I am able to query attributes like GPUPowerMizerMode, but upon assigning a value and querying again, the value is unchanged.

$ nvidia-settings -q [gpu:0]/GPUPowerMizerMode
Attribute 'GPUPowerMizerMode' (crypt0:0[gpu:0]): 2.
Valid values for 'GPUPowerMizerMode' are: 0, 1 and 2.
'GPUPowerMizerMode' can use the following target types: GPU.

$ nvidia-settings -a "[gpu:0]/GPUPowerMizerMode=1"
Attribute 'GPUPowerMizerMode' (crypt0:0[gpu:0]) assigned value 1.

$ nvidia-settings -q [gpu:0]/GPUPowerMizerMode
Attribute 'GPUPowerMizerMode' (crypt0:0[gpu:0]): 2.
Valid values for 'GPUPowerMizerMode' are: 0, 1 and 2.
'GPUPowerMizerMode' can use the following target types: GPU.

When I try to assign a GPU clock offset it seems to work

$ nvidia-settings -a [gpu:0]/GPUGraphicsClockOffsetAllPerformanceLevels=200
Attribute 'GPUGraphicsClockOffsetAllPerformanceLevels' (crypt0:0[gpu:0]) assigned value 200.

$ nvidia-settings -q [gpu:0]/GPUGraphicsClockOffsetAllPerformanceLevels
Attribute 'GPUGraphicsClockOffsetAllPerformanceLevels' (crypt0:0[gpu:0]): 200.
The valid values for 'GPUGraphicsClockOffsetAllPerformanceLevels' are in the range -200 - 1200 (inclusive).
'GPUGraphicsClockOffsetAllPerformanceLevels' can use the following target types: X Screen, GPU.

And the clock speeds as reported by nvidia-smi -q -d CLOCK update appropriately.

Why isn’t PowerMizer updating? I believe I need this set to 1 to enable maximum performance mode as shown in this article. Though, I admit I am still a little confused what this does. From what I read it seems like this would allow the GPU to draw more power. Right now the wattage sits around 140, with a maximum wattage set to 170. Overclocking the memory and core clocks doesn’t really raise the 140W the card draws yet the hashrate plateaus, leaving a wasted 30W potential. I believe changing PowerMizer will remove this throttle. Is this correct?

I am running Ubuntu Server 20.04 headless.
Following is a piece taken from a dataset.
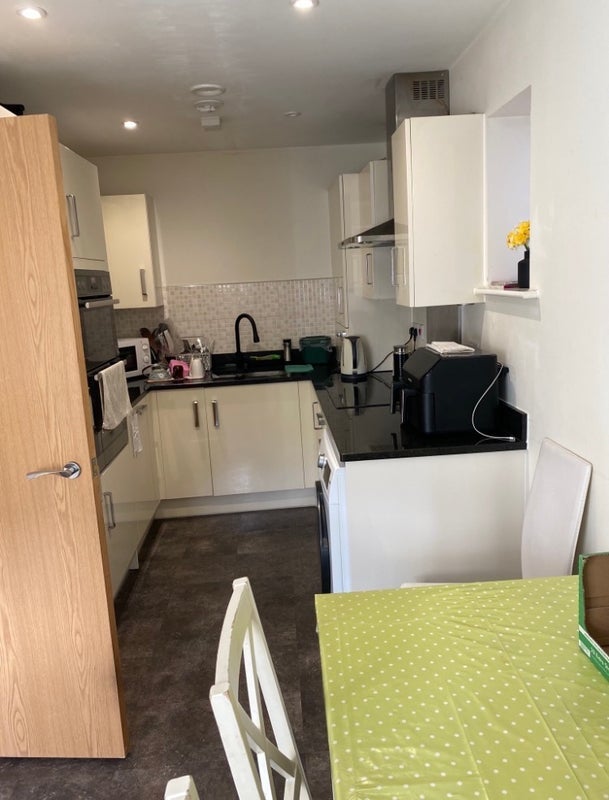 Room Boyn Hill Avenue in Maidenhead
I do not have a desktop environment and do not want to install one, so any solutions need to be through the command line only. From what I understand based on this post, nvidia-settings must have an X server running. I have generated a config using nvidia-xconfig --enable-all-gpus --cool-bits=28 --allow-empty-initial-configuration. After generating the config I added the RegistryDwords line to xorg.conf as shown below.

Section "Screen"
    Identifier     "Screen0"
    Device         "Device0"
    Monitor        "Monitor0"
    DefaultDepth    24
    Option         "AllowEmptyInitialConfiguration" "True"
    Option         "Coolbits" "28"
    Option         "RegistryDwords" "PowerMizerEnable=0x1; PerfLevelSrc=0x2222; PowerMizerDefaultAC=0x1"
    SubSection     "Display"
        Depth       24
    EndSubSection
EndSection

I would imagine once X is started and it reads in the config, the PowerMizerMode would be set to 1 as it is configured above, but it doesn’t. To start the server so nvidia-settings doesn’t error, I run the following after connecting via ssh.

$ export DISPLAY=:0
$ sudo X :0 &

I am then able to make queries and try to change GPU settings, where I run into my problem with PowerMizer. How can I set PowerMizer to maximum performance mode?

Version/hardware info:
GeForce GTX 1070 EVGA SuperClocked
Ubuntu Server 20.04.2 LTS
nvidia-settings 440.82
nvidia driver 460.32.03
cuda version 11.2

Is anyone able to point me in the right direction here? Why would nvidia-settings not update an attribute that is supposed to be writable? I’m very lost on what is preventing me from changing the power mode of my graphics card, and how I might be able to fix it. Lots of googling has left me without any solutions.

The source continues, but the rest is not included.